→ EXERCISE AIM
Output the listing below verbatim, without images.

→ SUPPLIED MATERIAL

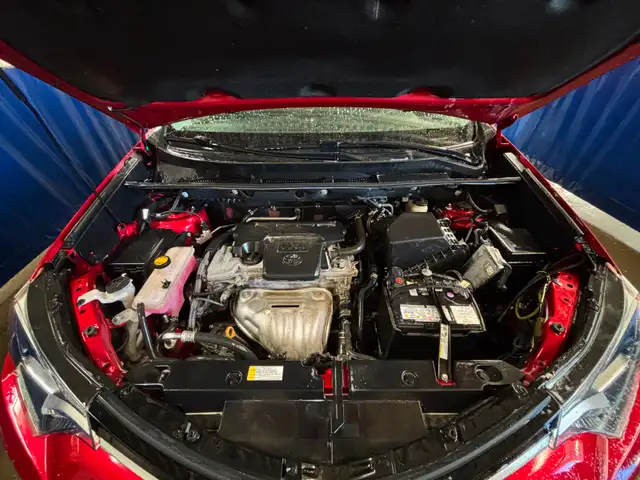 2016 Toyota RAV4 LE AWD | ~123k km | 2 tire/wheel sets | CarPlay - Photo 9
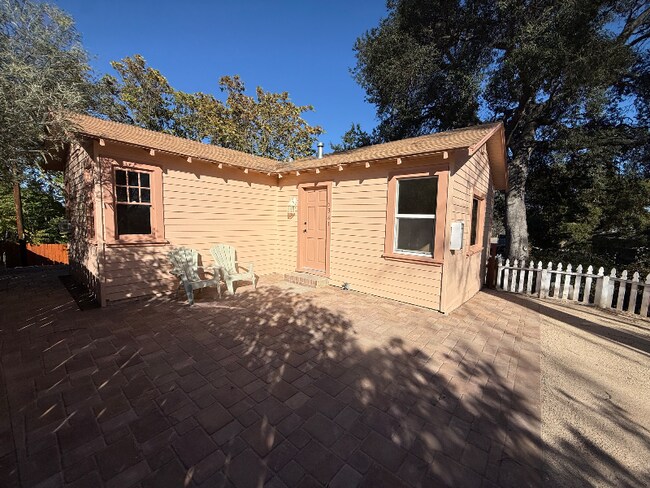 Foto del edificio - 5381 Mariquita Ave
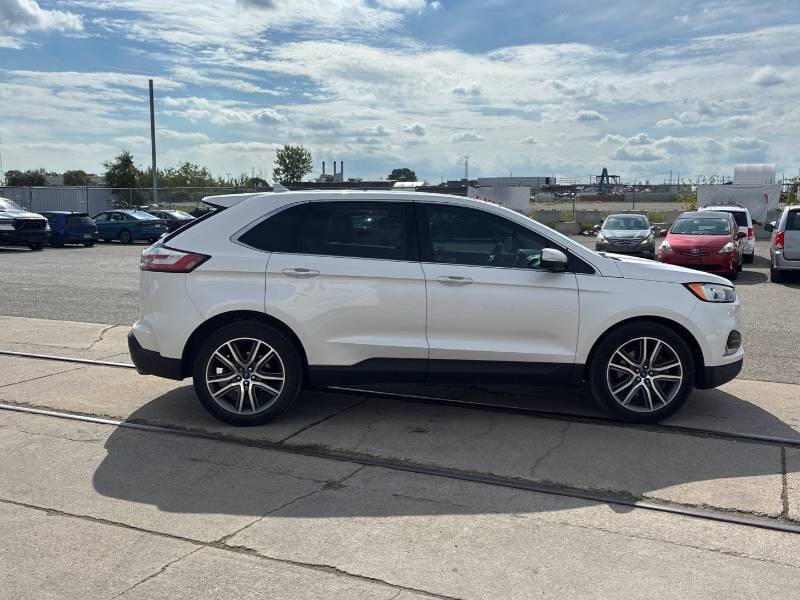 2019 Ford Edge - photo 2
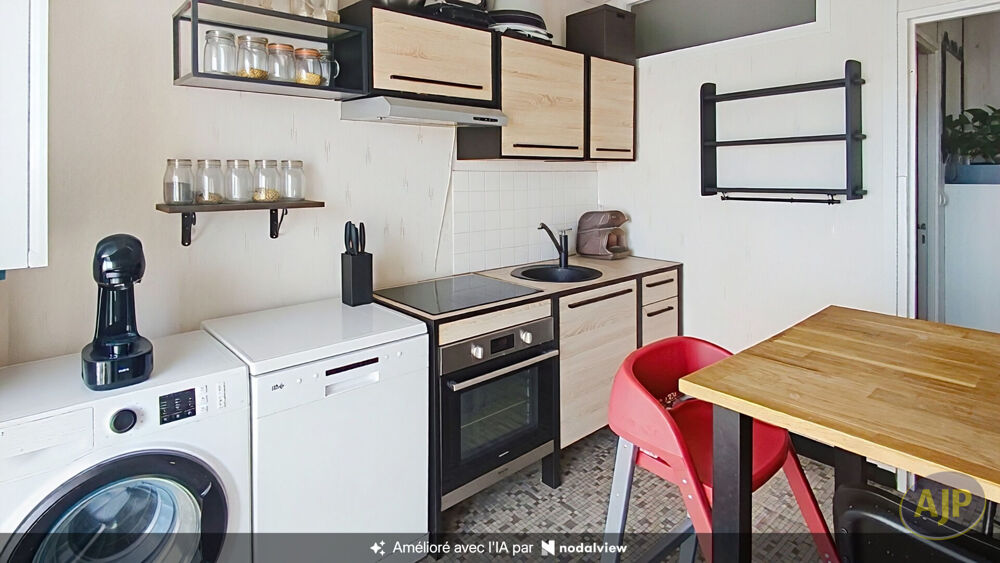 Vente Appartement Appartement de type 3 avec double balcon et parking sécurisé Le bouscat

→ TASK ANSWER
 2016 Toyota RAV4 LE AWD | ~123k km | 2 tire/wheel sets | CarPlay - Photo 9
 Foto del edificio - 5381 Mariquita Ave
 2019 Ford Edge - photo 2
 Vente Appartement Appartement de type 3 avec double balcon et parking sécurisé Le bouscat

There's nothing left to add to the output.